Monsieur le président, monsieur le ministre, mes chers collègues, Pierre Mauroy disait que la rigueur, c'est l'austérité plus l'espoir. En termes mathématiques, cela revient à l'opération suivante : l'espoir, c'est la rigueur moins l'austérité.
Chaque texte budgétaire que nous examinons confirme l'« équation Mauroy ». Lois de finances initiales, rectificatives, de règlement des comptes et autres lois de programmation : tous ces textes suivent des procédures millimétrées, présentent des tableaux, des études d'impact, des prévisions et des ajustements. Ils respectent des règles et les carcans imposés par nos engagements européens. Bref, tous ces textes, que je qualifie de Canada dry, ont la couleur de la rigueur budgétaire, sans le goût de l'austérité. Ainsi entretiennent-ils, année après année, l'espoir d'une amélioration prochaine… Convenons qu'il s'agit plutôt d'une ivresse des profondeurs.
Je n'en tiens pas rigueur, si je puis dire, au Gouvernement, en tout cas pas à vous, monsieur le ministre, car je sais toute l'énergie que vous déployez pour maîtriser les comptes.
Je sais aussi tout l'attachement de notre commission des finances, et singulièrement de notre rapporteur général, à la diminution des dépenses et de la dette publiques. Mais je crois sincèrement que nous devons prendre acte, mes chers collègues, d'un échec collectif : notre approche, pour rigoureuse qu'elle paraisse, ne nous permet pas de changer la donne. Pour reprendre le contrôle de nos comptes, il nous faut changer de logiciel et nous astreindre à la rigueur. Ce changement impliquerait une approche intégrant l'impératif de transformation écologique dans la comptabilité budgétaire, et donc une analyse en valeur plutôt qu'en coût. Mais c'est là un autre débat.

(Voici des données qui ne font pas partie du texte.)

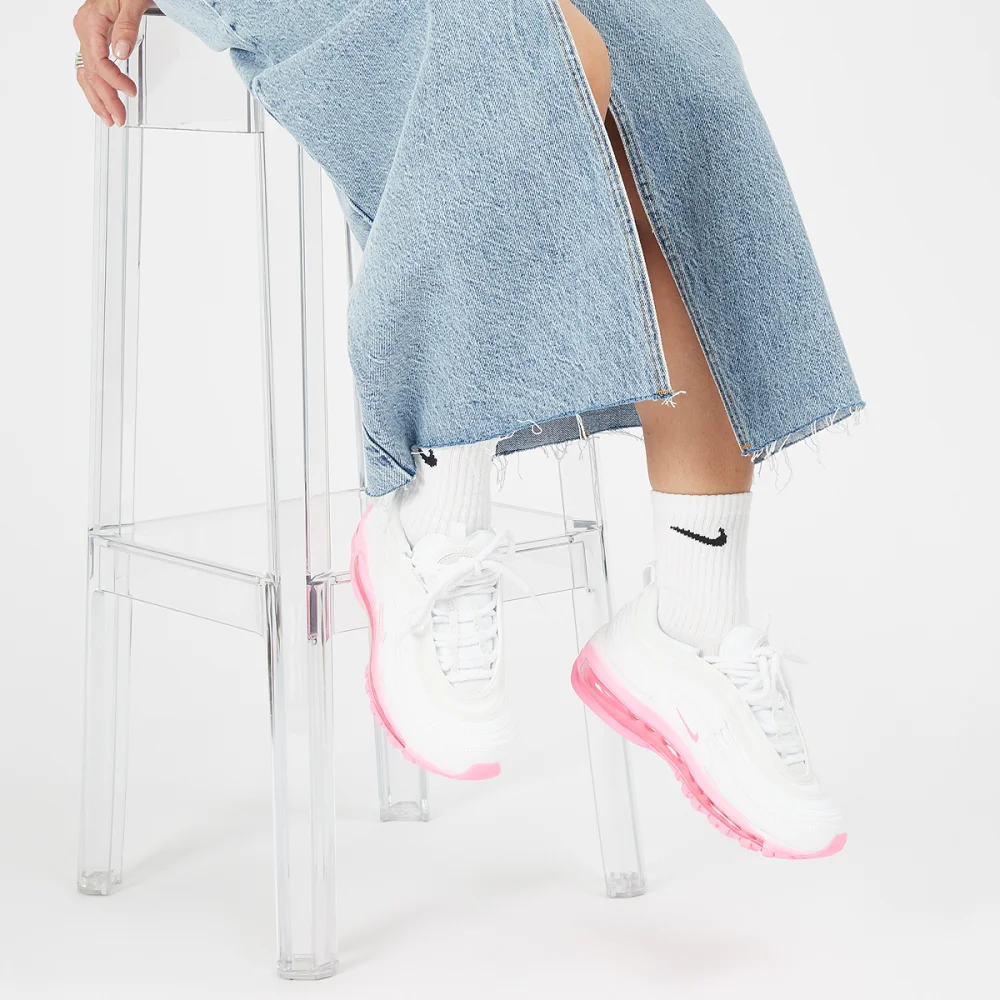 Nike Air Max 97 SE FJ4549-100 / weiss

J'en reviens à la rigueur, et je vais illustrer mon propos par un exemple très précis. En 2022, la charge de la dette a augmenté de 12 milliards d'euros. La hausse sur cette seule année est d'un montant supérieur à celui des crédits de la mission « Plan de relance » sur le même exercice. Autrement dit, le poids de notre endettement bride notre capacité à préparer le futur. Ne pas réduire nos dépenses publiques, c'est nous empêcher d'investir à la fois dans nos services publics essentiels, dans les technologies de rupture et dans la transformation écologique.
Pour regagner des marges de manœuvre, il nous faut diminuer drastiquement d'autres dépenses. C'est tout le paradoxe à surmonter.
Ces équations difficiles sont des questions d'arbitrage. Il ne s'agit pas seulement de pointer du doigt telle ou telle dépense ; l'enjeu est bien d'indiquer des préférences, de raisonner de façon globale et, en définitive, de faire des choix.
C'est précisément ce que nous faisons chaque automne. Le vote du budget est un moment fort de la vie parlementaire et l'une des prérogatives essentielles du Parlement. La Constitution de la Ve République ne prévoyait d'ailleurs à l'origine que deux sessions : l'une budgétaire, à l'automne, et l'autre législative, aux beaux jours. Justement, il me semble de bonne politique de réserver les débats budgétaires à l'examen des projets de loi de finances, et, le cas échéant, des projets de loi de finances rectificative.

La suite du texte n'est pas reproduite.